For range of motion, the knee-to-chest stretch is a good foundation. Lie on your back, bend one knee, and gently pull your shin toward your chest. Hold for 30 seconds, relax for 30 seconds, then switch sides. Pull both knees in together, and repeat the entire sequence 4 times. A standing IT band stretch (crossing one leg behind the other and leaning away from the affected side) also helps loosen the tight band of tissue that runs from hip to knee.

Sleep Adjustments for Nighttime Pain

Hip pain that wakes you up or prevents you from falling asleep is one of the most frustrating symptoms, especially with bursitis. Two positions help: sleeping on your back with a pillow under your knees, or sleeping on your unaffected side with a pillow between your knees. Both positions keep your hips aligned and reduce the pressure on irritated structures. A firm, full-length body pillow works better than a standard pillow for side sleepers because it prevents your top leg from dropping forward and twisting the hip through the night.

Injection Options and What to Expect

When exercises and medication aren’t enough, injections offer a middle step before considering surgery. Cortisone (corticosteroid) injections are the most reliable option for quick relief. They reduce inflammation directly inside the joint or bursa and typically provide relief lasting anywhere from a few weeks to six months. If you’re considering a hip replacement down the road, plan to wait at least three months after your last cortisone shot before surgery, as steroids can increase infection risk.

Platelet-rich plasma (PRP) injections use concentrated growth factors from your own blood to stimulate tissue repair. Relief tends to take longer to kick in but may last six months to a year. PRP has supporting evidence for both hip arthritis and torn tendons, though results are less predictable than cortisone and the procedure is rarely covered by insurance.

Hyaluronic acid injections, sometimes called viscosupplementation, aim to restore the lubricating fluid inside an arthritic joint. They’re recommended for moderate osteoarthritis rather than acute flare-ups. Because the hip joint sits deep beneath muscle, these injections require ultrasound guidance for accurate placement. Results vary. Hyaluronic acid works best as part of a broader treatment plan rather than a standalone fix, and expectations for pain relief should be realistic. For some patients, it serves as a useful bridge to delay joint replacement.

When Hip Replacement Becomes the Right Call

Total hip replacement is reserved for people who have tried conservative treatments, including physical therapy, medications, and injections, and still experience persistent pain that limits daily activities like walking, climbing stairs, or getting dressed. Significant joint deformity or loss of motion can also qualify someone for surgery, even if pain is manageable, when the resulting disability is substantial enough.

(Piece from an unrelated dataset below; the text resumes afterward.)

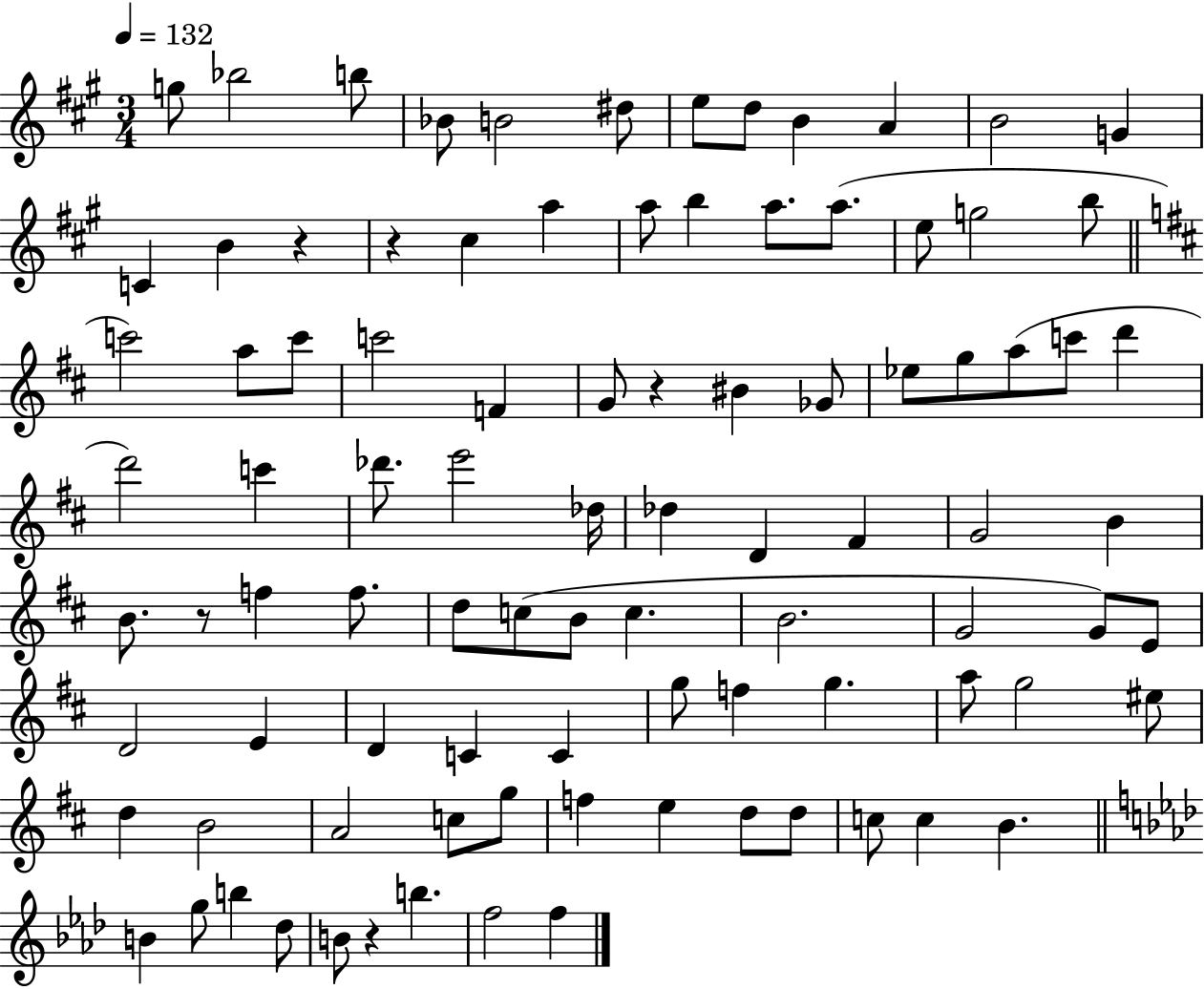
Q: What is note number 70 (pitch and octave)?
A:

The outcomes are strong. In patients under 50, a population that puts the most demand on artificial joints, 98% of hip replacements were still functioning at an average follow-up of 14 years. Modern implant materials wear down at a rate of about 0.024 millimeters per year, well below the 0.1 mm threshold where complications begin. Functional scores improved by an average of nearly 44 points on the standard 100-point hip assessment. For younger and older patients alike, hip replacement is one of the most successful elective surgeries in medicine, with the vast majority of people returning to pain-free walking and active lives.

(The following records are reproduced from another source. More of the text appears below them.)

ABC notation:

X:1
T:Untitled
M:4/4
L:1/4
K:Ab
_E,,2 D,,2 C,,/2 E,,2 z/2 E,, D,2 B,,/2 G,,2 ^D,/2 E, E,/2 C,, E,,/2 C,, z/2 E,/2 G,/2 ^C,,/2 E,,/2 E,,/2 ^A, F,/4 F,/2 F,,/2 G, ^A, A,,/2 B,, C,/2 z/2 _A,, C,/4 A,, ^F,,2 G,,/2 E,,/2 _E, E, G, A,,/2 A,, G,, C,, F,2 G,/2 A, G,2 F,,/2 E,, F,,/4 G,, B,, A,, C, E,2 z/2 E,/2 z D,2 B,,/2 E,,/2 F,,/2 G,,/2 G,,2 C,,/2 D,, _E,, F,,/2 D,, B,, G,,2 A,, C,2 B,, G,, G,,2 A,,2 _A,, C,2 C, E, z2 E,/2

Putting a Treatment Plan Together

Start with the basics: daily hip-strengthening exercises, a topical or oral anti-inflammatory, and sleep position adjustments. Give this approach four to six weeks. If pain persists, physical therapy with a structured program adds hands-on guidance and progression that home exercises alone may miss. Cortisone injections can be layered in for pain that interferes with your ability to exercise or sleep. If six months of consistent effort doesn’t produce meaningful improvement and imaging confirms joint damage, that’s a reasonable point to discuss surgical options with an orthopedic specialist.